Reputation: 43
My data frame is:
df <- data.frame(player = c("Taiwo Awoniyi/e5478b87", "Jacob Bruun Larsen/4e204552", "Andi Zeqiri/d01231f0"), goals = c(2,5,7))
I want to remove all numbers after the "/" in the "player" column.
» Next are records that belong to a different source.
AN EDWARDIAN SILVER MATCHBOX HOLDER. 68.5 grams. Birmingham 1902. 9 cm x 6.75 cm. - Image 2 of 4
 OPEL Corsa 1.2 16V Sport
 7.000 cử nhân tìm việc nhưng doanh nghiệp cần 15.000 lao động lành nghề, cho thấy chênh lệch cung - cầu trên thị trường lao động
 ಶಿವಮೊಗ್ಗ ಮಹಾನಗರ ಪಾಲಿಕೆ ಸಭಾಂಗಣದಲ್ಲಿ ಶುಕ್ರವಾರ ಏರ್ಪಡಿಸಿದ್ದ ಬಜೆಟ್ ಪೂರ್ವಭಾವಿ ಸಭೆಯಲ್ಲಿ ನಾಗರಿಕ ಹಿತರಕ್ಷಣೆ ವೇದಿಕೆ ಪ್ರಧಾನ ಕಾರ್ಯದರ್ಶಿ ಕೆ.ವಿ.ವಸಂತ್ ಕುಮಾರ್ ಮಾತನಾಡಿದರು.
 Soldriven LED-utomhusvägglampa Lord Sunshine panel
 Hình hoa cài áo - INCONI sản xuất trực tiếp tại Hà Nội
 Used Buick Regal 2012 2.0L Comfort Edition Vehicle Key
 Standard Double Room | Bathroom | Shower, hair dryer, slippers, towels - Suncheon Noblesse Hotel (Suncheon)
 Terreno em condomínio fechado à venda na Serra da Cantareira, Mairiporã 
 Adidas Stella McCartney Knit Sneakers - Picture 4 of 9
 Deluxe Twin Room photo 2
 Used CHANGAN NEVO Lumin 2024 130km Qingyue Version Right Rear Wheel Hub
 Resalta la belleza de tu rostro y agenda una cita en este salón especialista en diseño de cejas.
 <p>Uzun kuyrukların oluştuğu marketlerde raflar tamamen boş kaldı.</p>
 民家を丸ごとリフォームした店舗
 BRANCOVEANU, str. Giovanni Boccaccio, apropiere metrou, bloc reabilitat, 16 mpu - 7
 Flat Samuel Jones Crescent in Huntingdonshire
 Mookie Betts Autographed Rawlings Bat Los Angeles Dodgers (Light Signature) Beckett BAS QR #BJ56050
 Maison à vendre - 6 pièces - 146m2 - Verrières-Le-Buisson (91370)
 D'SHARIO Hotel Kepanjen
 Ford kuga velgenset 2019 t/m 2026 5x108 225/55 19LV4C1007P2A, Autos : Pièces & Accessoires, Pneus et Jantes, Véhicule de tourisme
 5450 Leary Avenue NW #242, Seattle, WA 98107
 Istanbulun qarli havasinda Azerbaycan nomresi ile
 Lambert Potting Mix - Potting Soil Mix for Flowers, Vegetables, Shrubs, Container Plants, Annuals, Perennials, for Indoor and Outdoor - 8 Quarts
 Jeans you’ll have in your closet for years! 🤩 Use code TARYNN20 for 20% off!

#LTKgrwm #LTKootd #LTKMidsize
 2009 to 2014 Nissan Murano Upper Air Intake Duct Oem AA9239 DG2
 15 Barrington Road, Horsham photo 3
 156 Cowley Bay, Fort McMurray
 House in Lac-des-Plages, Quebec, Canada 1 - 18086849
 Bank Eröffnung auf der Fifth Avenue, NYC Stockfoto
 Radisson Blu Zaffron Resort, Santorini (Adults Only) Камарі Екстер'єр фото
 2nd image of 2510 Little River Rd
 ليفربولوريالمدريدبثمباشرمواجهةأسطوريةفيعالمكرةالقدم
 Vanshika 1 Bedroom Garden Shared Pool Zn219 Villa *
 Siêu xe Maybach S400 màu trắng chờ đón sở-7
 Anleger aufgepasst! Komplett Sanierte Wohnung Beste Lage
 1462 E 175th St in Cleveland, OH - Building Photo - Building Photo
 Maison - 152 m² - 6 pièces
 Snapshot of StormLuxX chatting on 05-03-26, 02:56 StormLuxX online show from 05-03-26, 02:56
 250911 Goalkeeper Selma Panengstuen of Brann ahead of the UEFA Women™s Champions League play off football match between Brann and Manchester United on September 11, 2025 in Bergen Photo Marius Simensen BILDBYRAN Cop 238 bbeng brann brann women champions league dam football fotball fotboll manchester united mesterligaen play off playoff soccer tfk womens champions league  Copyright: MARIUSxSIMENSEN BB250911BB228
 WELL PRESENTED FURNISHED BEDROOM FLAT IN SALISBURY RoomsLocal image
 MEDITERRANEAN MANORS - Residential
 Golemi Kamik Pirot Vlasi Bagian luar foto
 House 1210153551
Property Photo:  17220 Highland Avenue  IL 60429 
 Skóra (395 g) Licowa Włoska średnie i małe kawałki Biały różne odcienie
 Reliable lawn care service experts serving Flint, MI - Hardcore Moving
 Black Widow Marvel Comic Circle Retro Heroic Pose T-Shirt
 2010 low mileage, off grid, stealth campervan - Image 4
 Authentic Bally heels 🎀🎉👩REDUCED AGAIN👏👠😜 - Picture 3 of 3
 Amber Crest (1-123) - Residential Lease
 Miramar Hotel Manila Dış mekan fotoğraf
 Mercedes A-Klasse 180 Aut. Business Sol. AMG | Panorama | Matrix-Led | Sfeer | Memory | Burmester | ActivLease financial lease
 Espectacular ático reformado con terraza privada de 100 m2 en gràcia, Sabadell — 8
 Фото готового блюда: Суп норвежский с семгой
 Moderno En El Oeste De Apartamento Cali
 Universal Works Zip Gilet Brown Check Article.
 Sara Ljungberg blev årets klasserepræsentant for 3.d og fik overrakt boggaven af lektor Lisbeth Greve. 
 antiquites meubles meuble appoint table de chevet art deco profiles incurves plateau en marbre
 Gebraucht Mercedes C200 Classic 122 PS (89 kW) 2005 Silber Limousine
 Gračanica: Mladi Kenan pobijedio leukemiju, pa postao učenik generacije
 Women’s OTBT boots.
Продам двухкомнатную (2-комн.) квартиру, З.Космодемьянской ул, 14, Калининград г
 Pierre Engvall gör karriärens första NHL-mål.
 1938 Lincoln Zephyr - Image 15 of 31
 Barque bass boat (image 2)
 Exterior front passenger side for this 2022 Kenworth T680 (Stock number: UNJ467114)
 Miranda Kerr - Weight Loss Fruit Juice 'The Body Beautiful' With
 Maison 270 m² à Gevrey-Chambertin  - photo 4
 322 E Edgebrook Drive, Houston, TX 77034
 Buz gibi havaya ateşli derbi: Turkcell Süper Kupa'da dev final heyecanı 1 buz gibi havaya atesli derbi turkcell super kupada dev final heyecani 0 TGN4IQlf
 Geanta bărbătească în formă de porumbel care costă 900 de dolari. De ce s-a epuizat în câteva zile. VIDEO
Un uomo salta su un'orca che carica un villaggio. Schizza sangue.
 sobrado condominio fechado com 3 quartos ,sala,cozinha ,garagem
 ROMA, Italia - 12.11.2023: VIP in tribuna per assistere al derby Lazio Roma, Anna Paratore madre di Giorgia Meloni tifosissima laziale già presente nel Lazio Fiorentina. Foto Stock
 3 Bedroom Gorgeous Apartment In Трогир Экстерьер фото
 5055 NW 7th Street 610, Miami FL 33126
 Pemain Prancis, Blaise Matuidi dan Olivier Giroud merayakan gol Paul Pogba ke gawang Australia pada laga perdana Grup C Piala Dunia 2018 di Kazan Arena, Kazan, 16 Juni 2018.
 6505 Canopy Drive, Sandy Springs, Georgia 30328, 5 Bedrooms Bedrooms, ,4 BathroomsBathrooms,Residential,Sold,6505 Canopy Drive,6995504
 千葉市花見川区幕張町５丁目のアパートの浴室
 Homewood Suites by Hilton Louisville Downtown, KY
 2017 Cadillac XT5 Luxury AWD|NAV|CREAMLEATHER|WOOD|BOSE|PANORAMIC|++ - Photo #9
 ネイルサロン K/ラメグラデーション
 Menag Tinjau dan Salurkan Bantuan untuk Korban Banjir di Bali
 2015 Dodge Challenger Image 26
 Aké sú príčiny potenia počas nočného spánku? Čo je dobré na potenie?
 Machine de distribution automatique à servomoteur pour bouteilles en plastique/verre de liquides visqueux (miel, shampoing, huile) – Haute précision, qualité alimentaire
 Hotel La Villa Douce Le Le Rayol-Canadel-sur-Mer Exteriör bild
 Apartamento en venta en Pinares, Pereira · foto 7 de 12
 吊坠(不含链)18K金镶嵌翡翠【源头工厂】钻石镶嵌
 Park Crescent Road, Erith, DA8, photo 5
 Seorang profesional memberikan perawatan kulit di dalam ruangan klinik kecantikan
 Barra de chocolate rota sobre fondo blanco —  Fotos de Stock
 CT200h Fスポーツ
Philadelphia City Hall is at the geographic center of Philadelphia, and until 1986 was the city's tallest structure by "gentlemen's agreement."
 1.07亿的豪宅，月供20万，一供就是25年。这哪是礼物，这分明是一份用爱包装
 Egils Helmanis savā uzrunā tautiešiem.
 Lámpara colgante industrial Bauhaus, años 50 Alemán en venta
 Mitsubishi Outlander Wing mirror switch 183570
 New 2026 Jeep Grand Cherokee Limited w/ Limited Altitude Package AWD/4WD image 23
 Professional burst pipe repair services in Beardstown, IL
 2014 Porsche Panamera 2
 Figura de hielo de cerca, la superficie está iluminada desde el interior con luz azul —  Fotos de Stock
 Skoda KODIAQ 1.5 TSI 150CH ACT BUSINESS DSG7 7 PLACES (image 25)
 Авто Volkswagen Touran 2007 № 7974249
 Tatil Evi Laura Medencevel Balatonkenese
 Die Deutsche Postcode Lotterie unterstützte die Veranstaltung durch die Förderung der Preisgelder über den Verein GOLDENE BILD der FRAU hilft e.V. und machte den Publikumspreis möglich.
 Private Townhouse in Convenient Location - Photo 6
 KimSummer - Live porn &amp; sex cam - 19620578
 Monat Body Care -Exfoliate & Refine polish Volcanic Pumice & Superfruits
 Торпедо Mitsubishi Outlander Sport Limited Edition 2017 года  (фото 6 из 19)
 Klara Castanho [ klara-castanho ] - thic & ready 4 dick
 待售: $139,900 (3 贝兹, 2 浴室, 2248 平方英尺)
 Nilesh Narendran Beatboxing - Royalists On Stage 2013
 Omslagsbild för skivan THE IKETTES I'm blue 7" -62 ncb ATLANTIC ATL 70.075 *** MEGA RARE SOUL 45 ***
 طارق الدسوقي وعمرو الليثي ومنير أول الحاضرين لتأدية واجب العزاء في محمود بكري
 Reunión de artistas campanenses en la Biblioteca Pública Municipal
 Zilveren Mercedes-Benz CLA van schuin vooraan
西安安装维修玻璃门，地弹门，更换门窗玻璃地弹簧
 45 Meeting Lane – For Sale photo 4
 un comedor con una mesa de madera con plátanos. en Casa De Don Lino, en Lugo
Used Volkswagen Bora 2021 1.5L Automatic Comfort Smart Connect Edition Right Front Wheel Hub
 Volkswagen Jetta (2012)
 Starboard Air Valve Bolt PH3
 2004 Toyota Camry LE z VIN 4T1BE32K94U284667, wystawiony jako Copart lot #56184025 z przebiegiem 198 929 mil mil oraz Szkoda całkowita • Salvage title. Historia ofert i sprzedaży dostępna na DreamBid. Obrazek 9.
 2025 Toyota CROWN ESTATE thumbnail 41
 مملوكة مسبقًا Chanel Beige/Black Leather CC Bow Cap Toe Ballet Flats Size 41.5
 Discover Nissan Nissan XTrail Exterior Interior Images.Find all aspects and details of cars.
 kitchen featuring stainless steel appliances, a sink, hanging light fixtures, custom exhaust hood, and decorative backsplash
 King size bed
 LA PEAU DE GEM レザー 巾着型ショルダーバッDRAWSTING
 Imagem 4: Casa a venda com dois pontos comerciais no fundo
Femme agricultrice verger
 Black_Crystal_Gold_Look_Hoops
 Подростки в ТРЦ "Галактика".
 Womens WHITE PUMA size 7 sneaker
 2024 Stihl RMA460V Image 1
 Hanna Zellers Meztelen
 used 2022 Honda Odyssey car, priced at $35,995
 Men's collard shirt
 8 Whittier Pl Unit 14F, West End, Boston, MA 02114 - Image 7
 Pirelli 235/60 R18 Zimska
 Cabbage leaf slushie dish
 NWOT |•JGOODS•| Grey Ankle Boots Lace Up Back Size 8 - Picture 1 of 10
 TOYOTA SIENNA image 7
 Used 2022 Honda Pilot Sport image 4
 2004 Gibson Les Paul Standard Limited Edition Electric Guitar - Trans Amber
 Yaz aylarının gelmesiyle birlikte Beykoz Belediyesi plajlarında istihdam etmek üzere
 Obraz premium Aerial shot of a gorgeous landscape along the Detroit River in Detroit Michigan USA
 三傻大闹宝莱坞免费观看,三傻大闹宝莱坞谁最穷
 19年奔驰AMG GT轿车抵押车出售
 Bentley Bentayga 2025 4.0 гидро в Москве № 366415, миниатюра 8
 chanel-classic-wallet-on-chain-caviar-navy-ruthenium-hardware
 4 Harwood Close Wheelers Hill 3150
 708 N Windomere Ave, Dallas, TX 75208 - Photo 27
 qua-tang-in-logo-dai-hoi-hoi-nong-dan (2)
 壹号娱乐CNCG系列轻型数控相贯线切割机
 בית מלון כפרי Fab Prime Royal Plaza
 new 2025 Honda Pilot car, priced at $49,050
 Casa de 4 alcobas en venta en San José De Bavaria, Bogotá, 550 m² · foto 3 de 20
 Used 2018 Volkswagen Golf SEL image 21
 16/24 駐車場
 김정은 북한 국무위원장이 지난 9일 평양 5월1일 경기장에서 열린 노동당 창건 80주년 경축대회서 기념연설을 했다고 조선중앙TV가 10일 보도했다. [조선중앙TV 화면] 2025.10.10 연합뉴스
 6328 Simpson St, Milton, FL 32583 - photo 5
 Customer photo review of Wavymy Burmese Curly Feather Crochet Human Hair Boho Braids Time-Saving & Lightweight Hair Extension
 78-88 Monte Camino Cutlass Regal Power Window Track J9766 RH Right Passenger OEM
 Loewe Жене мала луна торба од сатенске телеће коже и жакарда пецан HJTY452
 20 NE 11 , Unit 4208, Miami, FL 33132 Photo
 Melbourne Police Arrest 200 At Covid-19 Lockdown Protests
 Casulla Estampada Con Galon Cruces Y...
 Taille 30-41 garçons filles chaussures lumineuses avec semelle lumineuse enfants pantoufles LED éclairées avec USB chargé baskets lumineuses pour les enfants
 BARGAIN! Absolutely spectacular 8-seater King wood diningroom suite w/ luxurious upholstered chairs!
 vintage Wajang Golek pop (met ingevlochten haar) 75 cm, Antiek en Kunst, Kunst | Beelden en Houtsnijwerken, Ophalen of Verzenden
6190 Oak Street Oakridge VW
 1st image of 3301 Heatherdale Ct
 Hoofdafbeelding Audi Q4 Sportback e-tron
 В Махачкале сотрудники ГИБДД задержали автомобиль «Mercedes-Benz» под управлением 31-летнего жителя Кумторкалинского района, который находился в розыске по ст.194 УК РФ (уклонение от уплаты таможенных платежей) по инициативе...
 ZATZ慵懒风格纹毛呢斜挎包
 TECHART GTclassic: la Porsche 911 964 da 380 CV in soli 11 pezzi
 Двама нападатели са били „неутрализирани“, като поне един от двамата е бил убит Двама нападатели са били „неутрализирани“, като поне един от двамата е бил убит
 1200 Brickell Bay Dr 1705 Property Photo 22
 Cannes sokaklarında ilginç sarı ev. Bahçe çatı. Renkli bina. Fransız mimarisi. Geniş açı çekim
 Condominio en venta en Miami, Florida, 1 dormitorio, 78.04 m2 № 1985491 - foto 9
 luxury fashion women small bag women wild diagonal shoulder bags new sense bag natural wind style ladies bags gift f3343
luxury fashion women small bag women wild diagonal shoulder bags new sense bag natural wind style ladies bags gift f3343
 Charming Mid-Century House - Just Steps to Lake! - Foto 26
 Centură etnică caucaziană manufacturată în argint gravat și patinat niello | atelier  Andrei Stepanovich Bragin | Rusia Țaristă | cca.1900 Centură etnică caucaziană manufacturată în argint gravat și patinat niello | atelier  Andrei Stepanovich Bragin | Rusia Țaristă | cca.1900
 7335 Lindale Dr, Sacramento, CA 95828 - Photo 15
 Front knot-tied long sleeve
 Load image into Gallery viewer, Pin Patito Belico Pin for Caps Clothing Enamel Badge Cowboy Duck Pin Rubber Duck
To ideally have:
df <- data.frame(player = c("Taiwo Awoniyi", "Jacob Bruun Larsen", "Andi Zeqiri"), goals = c(2,5,7))
I am unsure of how to approach this since player names vary greatly in length and some numbers are larger than others.
Upvotes: 4
Views: 1283
Reputation: 72828
Using base R.
transform(df, player=gsub('/.+', '', player))
# player goals
# 1 Taiwo Awoniyi 2
# 2 Jacob Bruun Larsen 5
# 3 Andi Zeqiri 7
Upvotes: 4
Reputation: 78927
We could use separate
, added extra = 'drop'
(many thanks to Onyambu)
library(dplyr)
library(tidyr)
df %>%
separate(player, "player", sep="/", extra = 'drop')
player goals
1 Taiwo Awoniyi 2
2 Jacob Bruun Larsen 5
3 Andi Zeqiri 7
Upvotes: 5
Reputation: 21400
You can backreference the substring you want to keep by a negative character class allowing any characters except the /
:
df %>%
mutate(player = sub("([^/]+).*", "\\1", player))
player goals
1 Taiwo Awoniyi 2
2 Jacob Bruun Larsen 5
3 Andi Zeqiri 7
More simply, you can just remove anything that's a /
or a digit:
df %>%
mutate(player = gsub("[/0-9]", "", player))
In base R
syntax:
df$player <- gsub("[/0-9]", "", df$player)
Upvotes: 5
Reputation: 13319
Using dplyr
for the pipe and mutate
, we can gsub
everything after /
.
df %>%
mutate(player = gsub("\\/.*", "", player))
player goals
1 Taiwo Awoniyi 2
2 Jacob Bruun Larsen 5
3 Andi Zeqiri 7
Upvotes: 4